The researchers say CO2 absorbs subterranean heat more efficiently than water. Extraction rates are 1.7 to 2.7 times larger with CO2 than with water because CO2 mass flow rates are up to five times greater (given a fixed pressure difference between injection and production wells). Computer simulations suggest that a system of four concentric rings of horizontal wells about three miles below the ground, with the outer ring being more than 10 miles in diameter, has the capacity to produce as much as 500 MW—much more than the average 38 MW produced by a conventional geothermal plant. A plant of that design might also sequester as much as 15 million tons of CO2 per year.
The approach, which stems from a design developed by Martin Saar of the University of Minnesota, adds nitrogen to the mix to enable highly efficient energy storage for an unprecedented duration. “Much of the energy required to drive the hot fluids out of the deep subsurface to surface power plants can be shifted in time to coincide with minimum power demand or when there is a surplus of renewable power on the electricity grid,” Buscheck explained.
Meanwhile, the fledgling technology has a number of advantages over enhanced geothermal systems (EGS), which are essentially man-made reservoirs created where there is hot rock but little natural permeability of fluid saturation. In EGS, fluid is injected into the subsurface under controlled conditions, which causes pre-existing fractures to open. The new plant design doesn’t require hydrofracturing of the reservoir, and it uses lower reservoir temperatures and pressures. Plus, it would likely sequester more CO2 with more emphasis on sequestration, the researchers say.

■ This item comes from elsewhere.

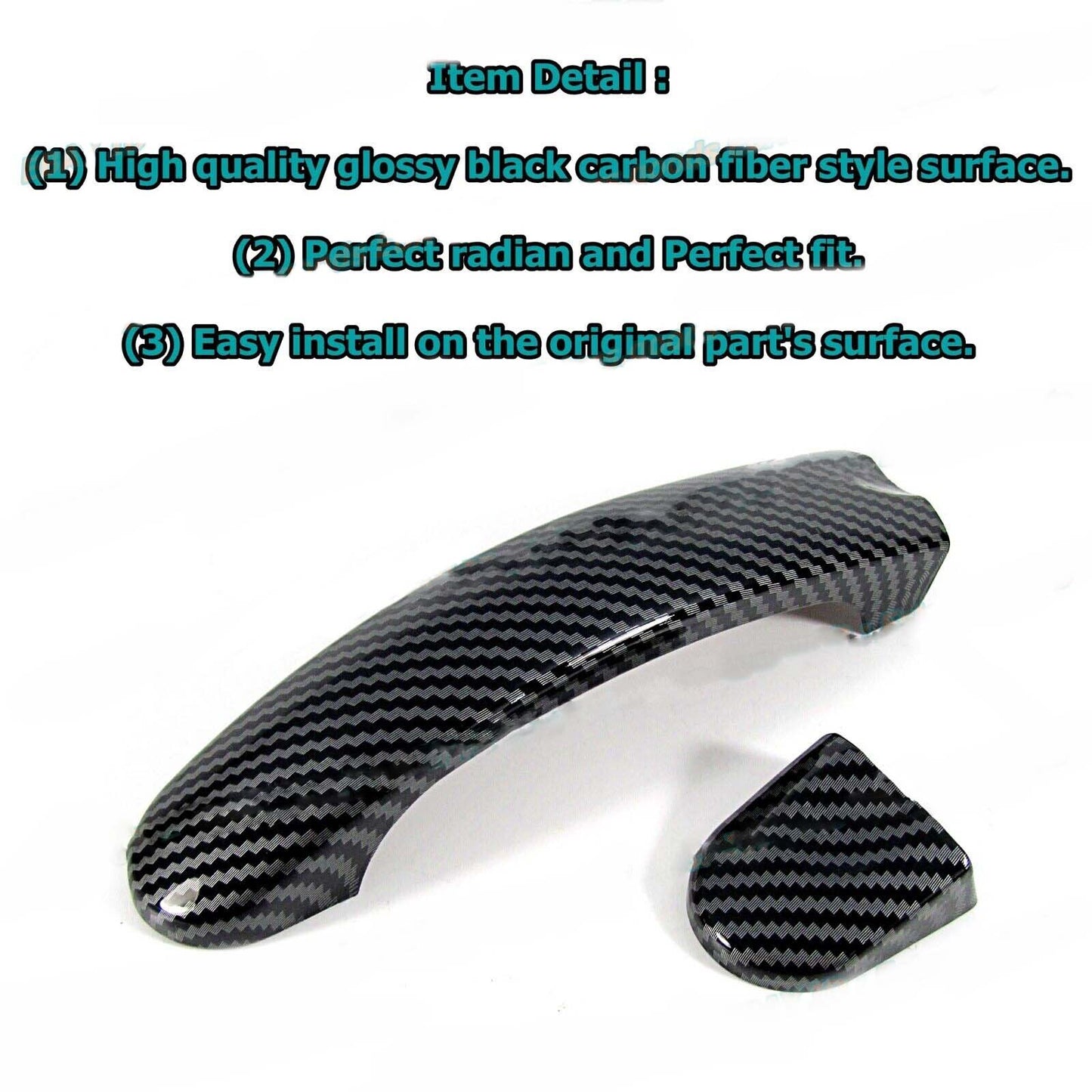 Glossy Carbon Fiber Cover Trim For 2005-2010 for VW for Jetta MK5 Sedan Side Door Handle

There are a number of caveats, however. One is that it would need to be connected, likely by pipeline, to a large CO2 source, possibly a coal-fired plant fitted with carbon capture. Buscheck added, however, that a pilot plant based on this design could initially be powered solely by nitrogen injection, in order to prove the economic viability of using CO2. The study also showed that this design can work effectively with or without CO2, broadening where this approach could be deployed. The research team is currently working on more detailed computer model simulations and economic analyses for specific geologic settings in the U.S.
Startup company Heat Mining Co., which was spun off from the University of Minnesota, holds the worldwide patent to an earlier form of the researchers’ approach, dubbed “CO2 Plume Geothermal” (CPG) and is looking to put an operational project online by 2016. The South Dakota–based company admits, however, that its CPG power system, which works “like a giant pressure cooker” to vent pressure and reduce the risk of CO2 leaks, requires a capped saline aquifer at least 2.5 kilometers deep, a minimum aquifer temperature of 50C, and a minimum of 1 million metric tons of stored CO2 (Figure 6).